Start of AVAILABLE RECORDS
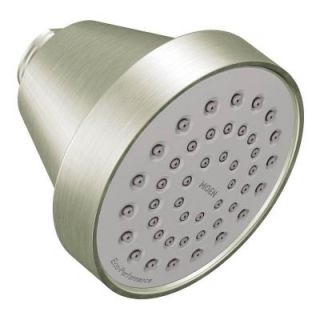 MOEN 1 Spray Eco Performance Showerhead in Brushed Nickel 6399BN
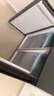 海爾（Haier）冰箱473升594mm超薄零嵌十字對(duì)開(kāi)門(mén)小紅花底部散熱一級(jí)能效雙變頻BCD-473WGHTDB9S8U1國(guó)家補(bǔ)貼20% 曬單實(shí)拍圖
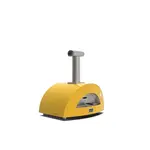 Alfa Alfa Moderno 3 Pizze Oven Wood (Top Only) - Fire Yellow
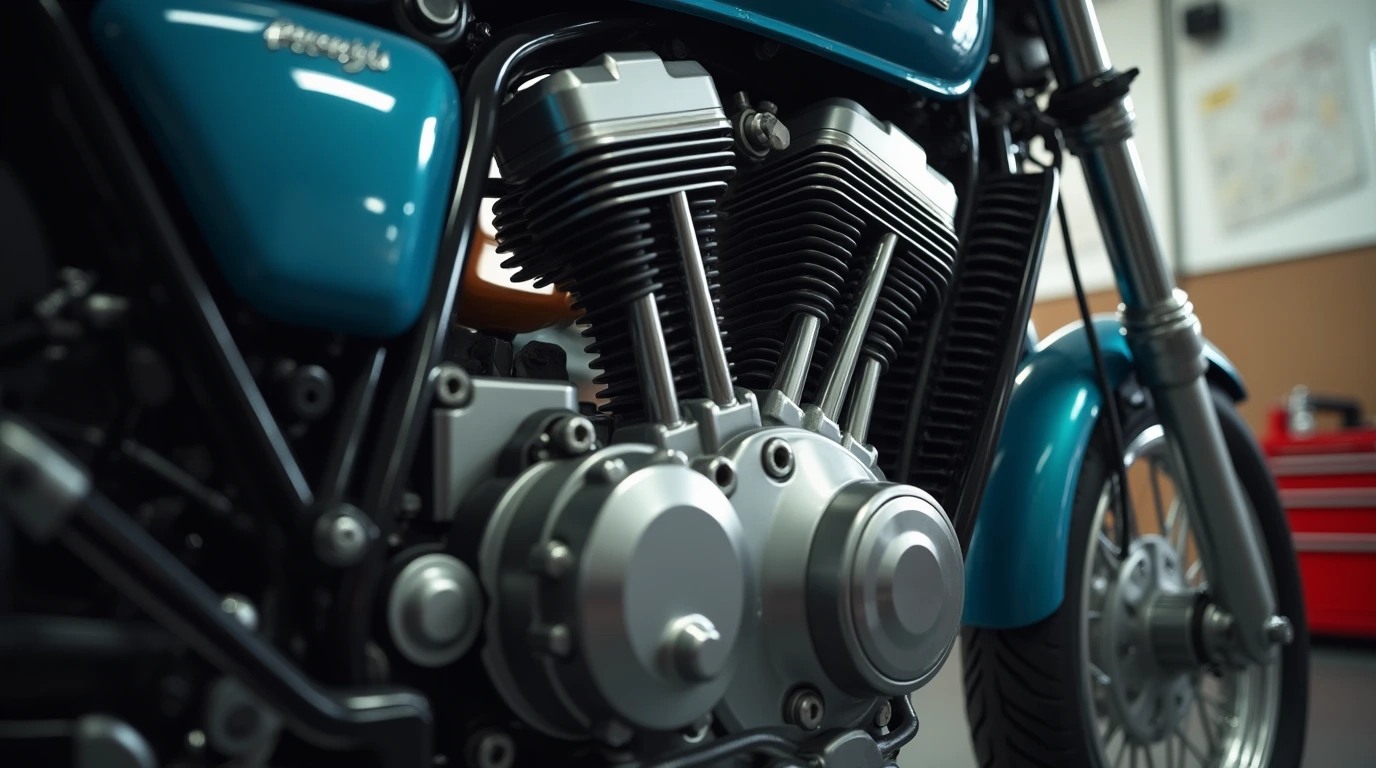 موتور در موتور سیکلت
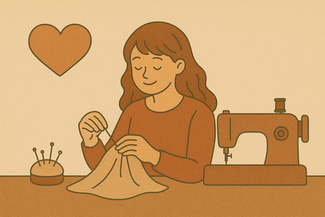 🧵 Шитьё - лучший антистресс и терапия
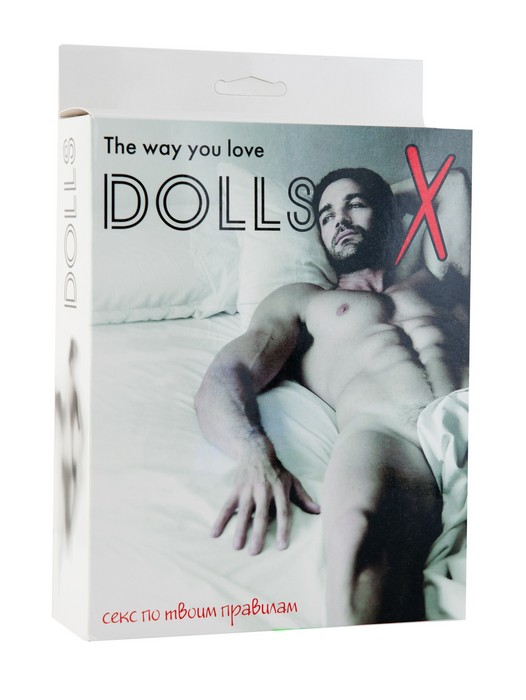 Надувная секс-кукла мужского пола - ToyFa - в Тюмени купить с доставкой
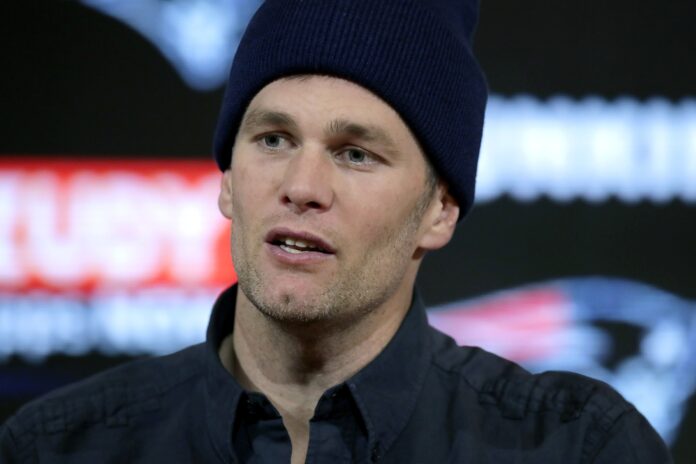 TOM BRADY has indicated he will not resign with the Ne England Patriots next season. / AP FILE PHOTO/ CHARLES KRUPA
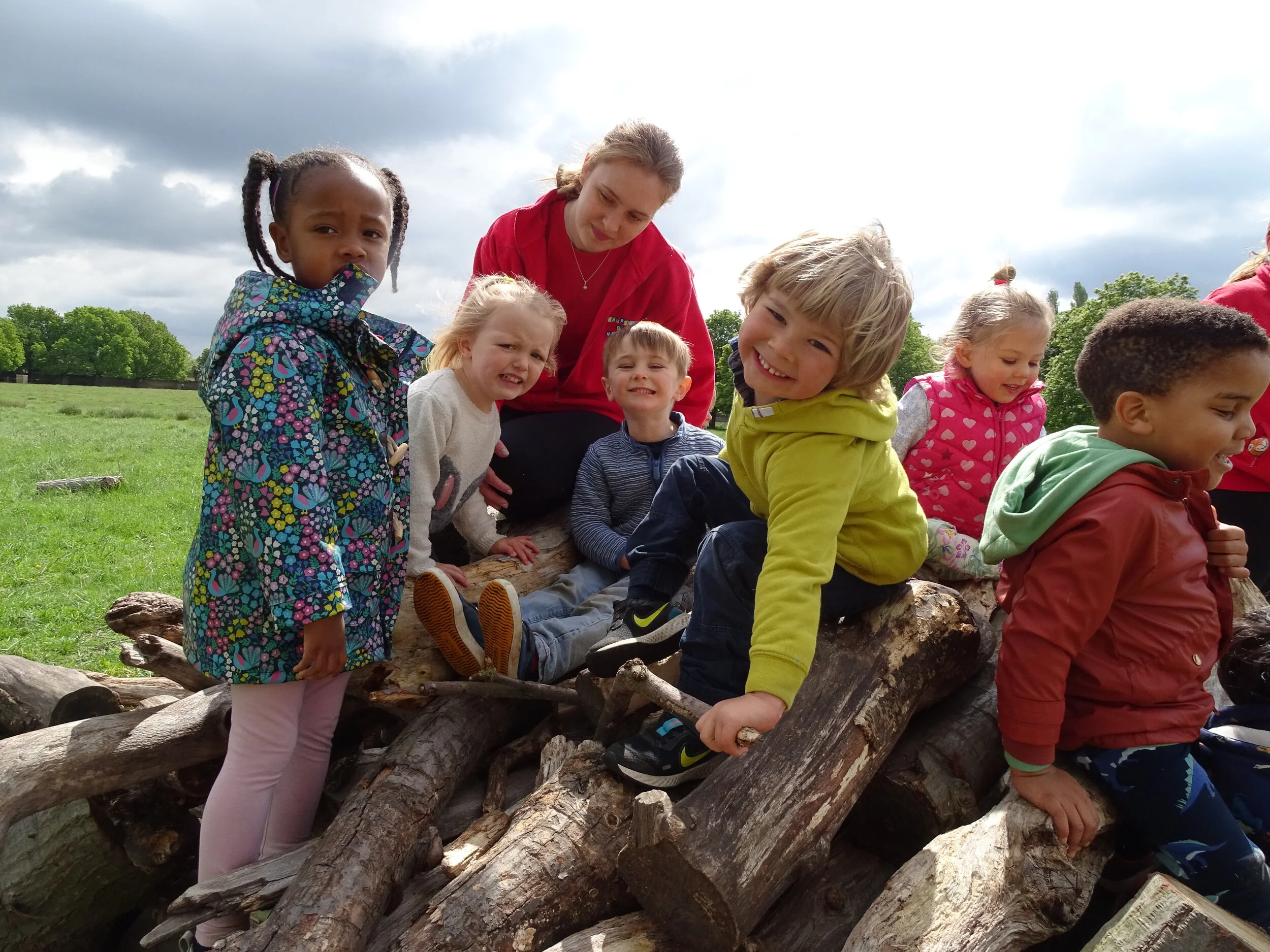 Park dens and campfires!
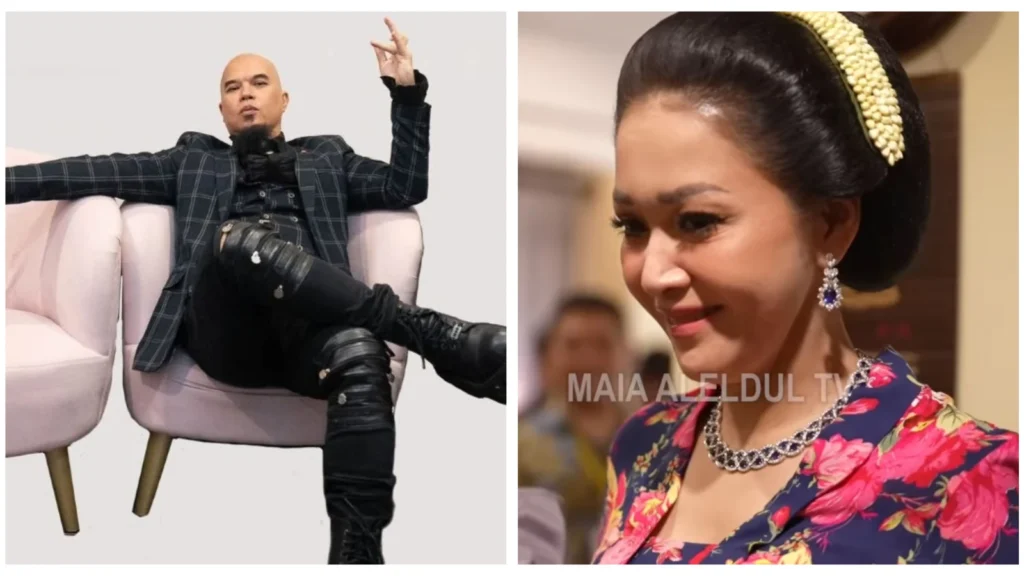 Ahmad Dhani Ungkap Hubungan Buruk dengan Maia Estianty Meski Sudah Bercerai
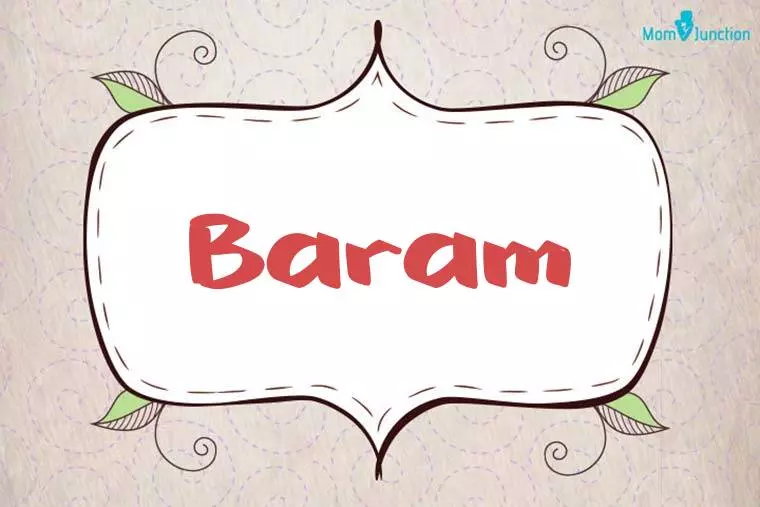 Baram Stylish Wallpaper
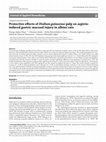 Research paper thumbnail of Protective effects of Dialium guineense pulp on aspirin-induced gastric mucosal injury in albino rats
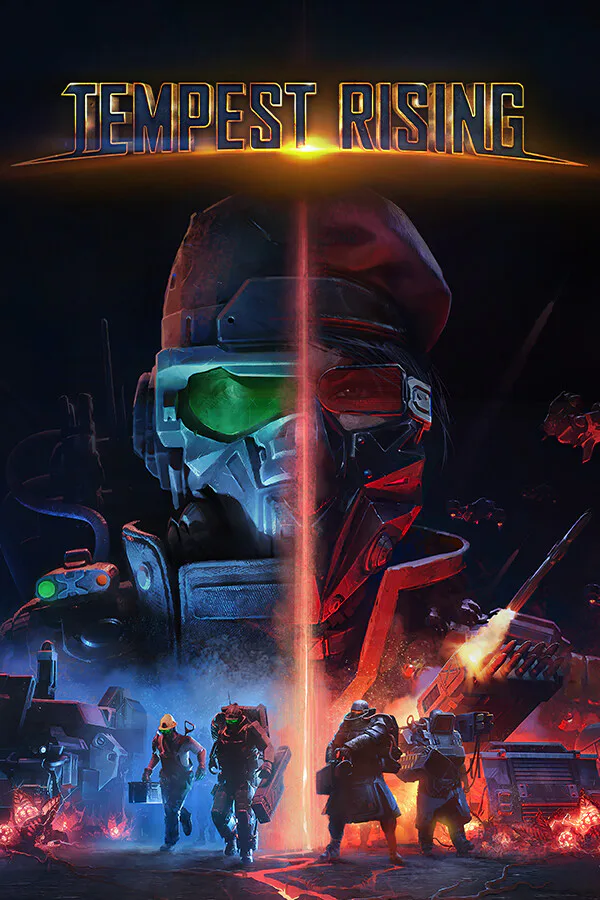 Copertina di Tempest Rising
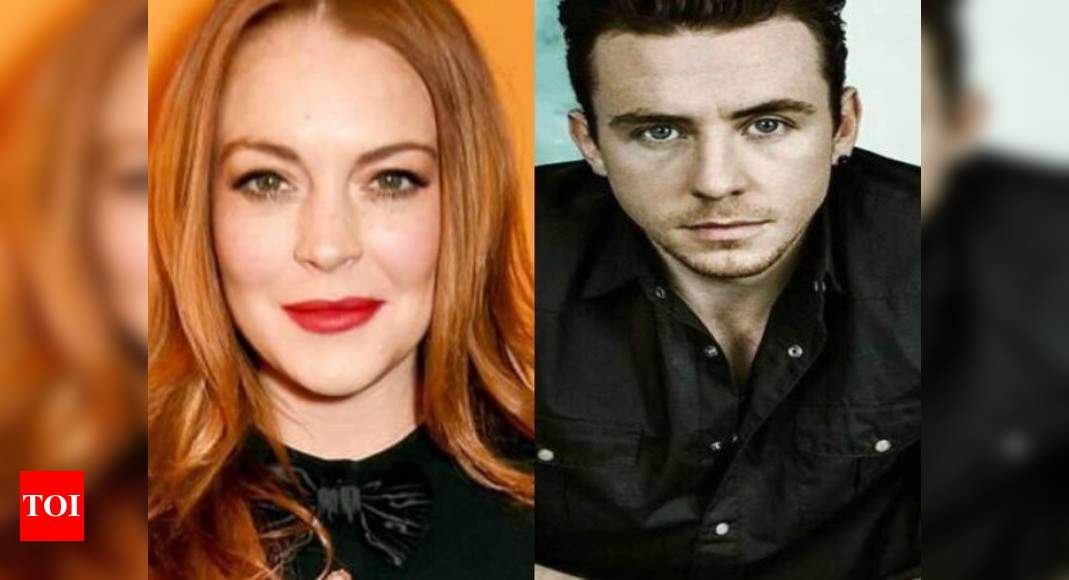 Lindsay Lohan Lindsay Lohan Ignored Danny Jones Band During Just My Luck Shoot English Movie News Times Of India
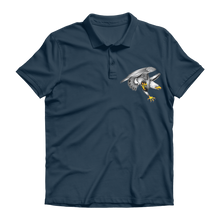 Custom Design Eagle Landing  ﻿Premium Adult Polo Shirt - neverleavehomedeals.com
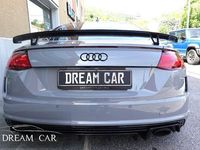 Usata Audi TT Competition 245 CV (180 kW) 2018 Blu metallizzato Coupé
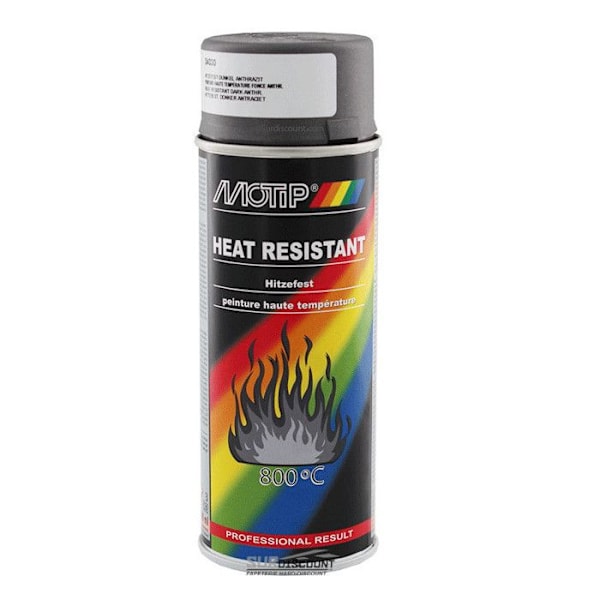 Motip högtemperaturfärg (mörk antracit) - Motip högtemperaturfärg (mörk antracit)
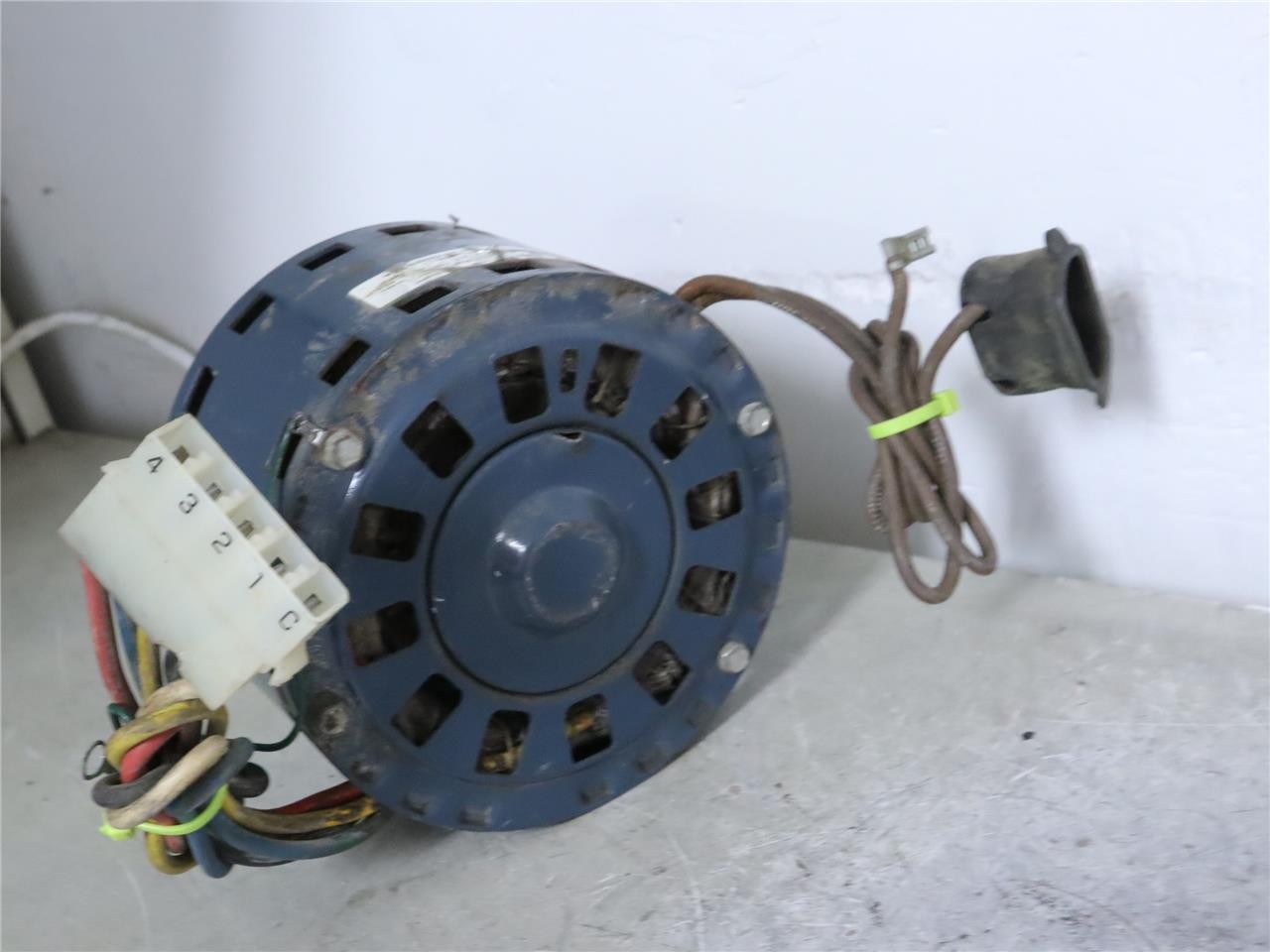 Westinghouse 323P078 HVAC Fan Blower Motor 1/3HP 115V RPM 1075 4SPD 1PH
End of AVAILABLE RECORDS
REQUIRED WORK ▸ In the copy, include exactly the lines from the one containing "Usata Audi TT" through the last line of the records, and no pictures or other text.

SOLUTION ▸
 Usata Audi TT Competition 245 CV (180 kW) 2018 Blu metallizzato Coupé
 Motip högtemperaturfärg (mörk antracit) - Motip högtemperaturfärg (mörk antracit)
 Westinghouse 323P078 HVAC Fan Blower Motor 1/3HP 115V RPM 1075 4SPD 1PH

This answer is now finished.